= Licínio Pereira da Silva =

Licínio Pereira da Silva (died April 1, 2008) was a former Portuguese political prisoner under the regime of António de Oliveira Salazar, an era of Portuguese history known as the Estado Novo. Pereira da Silva was the last political prisoner convicted by the Polícia Internacional e de Defesa do Estado, better known as the PIDE, the secret service force used by the Salazar regime to repress dissent during the Estado Novo.

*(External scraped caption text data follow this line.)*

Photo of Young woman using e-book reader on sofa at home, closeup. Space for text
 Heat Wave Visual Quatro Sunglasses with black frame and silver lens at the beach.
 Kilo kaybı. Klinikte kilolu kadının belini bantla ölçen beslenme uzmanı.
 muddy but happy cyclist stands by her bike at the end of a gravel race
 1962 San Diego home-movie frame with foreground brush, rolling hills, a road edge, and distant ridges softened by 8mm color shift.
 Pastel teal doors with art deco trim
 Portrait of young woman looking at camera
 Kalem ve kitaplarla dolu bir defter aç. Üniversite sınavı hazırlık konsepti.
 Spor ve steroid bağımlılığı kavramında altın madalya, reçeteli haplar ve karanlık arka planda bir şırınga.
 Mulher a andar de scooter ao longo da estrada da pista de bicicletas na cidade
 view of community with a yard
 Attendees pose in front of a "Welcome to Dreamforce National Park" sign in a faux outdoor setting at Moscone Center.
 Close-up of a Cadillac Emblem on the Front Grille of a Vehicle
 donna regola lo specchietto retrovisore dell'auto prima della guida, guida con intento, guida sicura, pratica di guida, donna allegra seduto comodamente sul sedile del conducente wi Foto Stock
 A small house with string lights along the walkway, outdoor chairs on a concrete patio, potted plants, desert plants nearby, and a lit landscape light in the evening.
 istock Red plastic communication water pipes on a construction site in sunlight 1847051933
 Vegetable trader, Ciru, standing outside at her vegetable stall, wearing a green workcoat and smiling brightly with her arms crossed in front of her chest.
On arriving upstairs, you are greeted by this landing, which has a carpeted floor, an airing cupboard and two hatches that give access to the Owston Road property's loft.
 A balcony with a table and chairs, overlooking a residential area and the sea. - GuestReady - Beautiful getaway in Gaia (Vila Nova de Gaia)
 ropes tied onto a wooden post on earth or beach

Licínio Pereira da Silva was arrested by the PIDE and accused of supporting desertions in the Portuguese colonies in Africa. He was tried by a special court armed with security measures, which was usually reserved for prisoners who were considered to be a major threat to the Salazar regime. Pereira da Silva was convicted and sentenced to six years in prison in 1973. However, Pereira da Silva was released from prison in Peniche on April 25, 1974, following the beginning of the Carnation Revolution. He was the last political prisoner of the PIDE.

Licínio Pereira da Silva died of a nosocomial infection at the age of 63 on April 1, 2008, while hospitalized at the Hospital Garcia de Orta in Almada, Portugal. His funeral, with a cremation, was held at the Cemitério dos Olivais in Lisbon on April 4, 2008.